Alternative Variations

  • Letters Instead of Digits: The problem could be generalized to a string with alphabetic characters (e.g., lowercase letters 'a'-'z') instead of digits. The condition would then be that every letter in the substring appears the same number of times. The solution approach would be similar: you would use a frequency array of size 26 for letters (or size 52 if considering both lowercase and uppercase), and the prefix sum technique would still apply. The complexity might increase because there are more possible characters, but for moderate string lengths it would still be manageable.
  • Mixed Character Types: If the string can contain any characters (letters, digits, symbols), you can extend the approach by using a hashmap or a large frequency array to count characters. The concept of checking equal frequencies remains the same. Using a dynamic structure like a hashmap for frequencies might slow things down a bit, but the overall approach of using prefix sums (perhaps with an index mapping for characters) would still work.

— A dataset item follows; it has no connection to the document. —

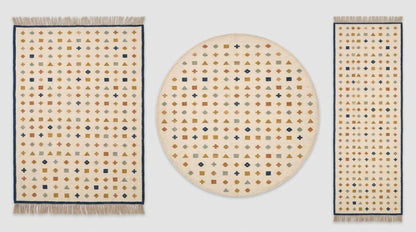 Ivory wool flatweave kilim rug with navy border and geometric motifs in living room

  • Exact k Frequency (Fixed count): A twist on this problem is if you were asked to find substrings where each unique character appears exactly k times (for a given k). This is actually a known variant (related to “equal count substrings”). In that case, you would look for substrings of length m * k where m distinct characters each appear k times. The approach could involve fixing k and using a sliding window of length that is a multiple of k to count how many valid substrings meet that criterion.
  • Almost Equal Frequency: Another variation could allow a tolerance, for example substrings where each distinct digit's frequency is either x or x+1. This is a more complex variant, but it shows up in problems like reorganizing strings or making frequencies almost equal. Solving that would require careful counting logic beyond exact equality.
  • Subsequence vs Substring: This problem specifically deals with contiguous substrings. If one were to ask for subsequences (not necessarily contiguous) with equal digit frequency, the problem becomes much harder, as combinatorial explosion of subsequences would need different techniques (usually not feasible to brute force for large strings).

In summary, the idea of ensuring equal frequency has broad applications. The approach of counting frequencies and using prefix sums or hashing can be adapted to many of these variations with appropriate adjustments.